Prima di scrivere sulla questione scriviamo qualcosa sulla procreazione medicalmente assistita nell’ordinamento giuridico italiano.

In che cosa consiste la procreazione medicalmente assistita

La procreazione medicalmente assistita nell’ordinamento giuridico italiano, è disciplinata dalla legge n. 40 del 19 febbraio 2004, nota anche come legge 40 o legge 40/2004 “Norme in materia di procreazione medicalmente assistita”.

La legge è da sempre al centro di articolati dibattiti perché poneva una serie di limiti alla procreazione assistita, che hanno formato oggetto di diverse sentenze di incostituzionalità da parte della Corte costituzionale.

All’articolo 2 si afferma che lo Stato promuove “ricerche sulle cause patologiche, psicologiche, ambientali e sociali dei fenomeni della sterilità e dell’infertilità” e favorisce «gli interventi necessari per rimuoverle nonché per ridurne l’incidenza», ma nel rispetto dei “soggetti coinvolti, compreso il concepito”.

Alle tecniche di procreazione assistita possono accedere “coppie maggiorenni di sesso diverso, coniugate o conviventi, in età potenzialmente fertile, entrambi viventi”. I

All’inizio era vietato il ricorso a tecniche di fecondazione eterologa.

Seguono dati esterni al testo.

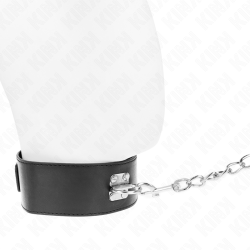 KINK - MODEL PODSTAWOWY OBROZA ZE SMYCZA 65 CM MODEL 0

Il divieto è stato giudicato incostituzionale a seguito alla sentenza 162/2014, depositata il 10 giugno 2014, della Corte Costituzionale.

È vietata l’eugenetica.

L’articolo 14 vieta la crioconservazione degli embrioni, per ridurre il soprannumero di embrioni creato in corso di procreazione assistita. La crioconservazione è però consentita per temporanea e documentata causa di forza maggiore, non prevedibile al momento della fecondazione.

 

Il dibattito sulla legge, il referendum e le successive pronunce

Le limitazioni introdotte dalla legge 40/2004 rendono minima la possibilità per i medici di adattare la tecnica secondo i casi e limitano in parte anche il successo stesso della fecondazione in vitro.

Gli oppositori alla legge 40/2004 sostengono che siano i medici e le donne, secondo i casi clinici e le considerazioni etiche, a dovere e potere decidere quali tecniche adottare.

 

 

Nel 2004 vennero depositati 4 referendum abrogativi in Corte di Cassazione.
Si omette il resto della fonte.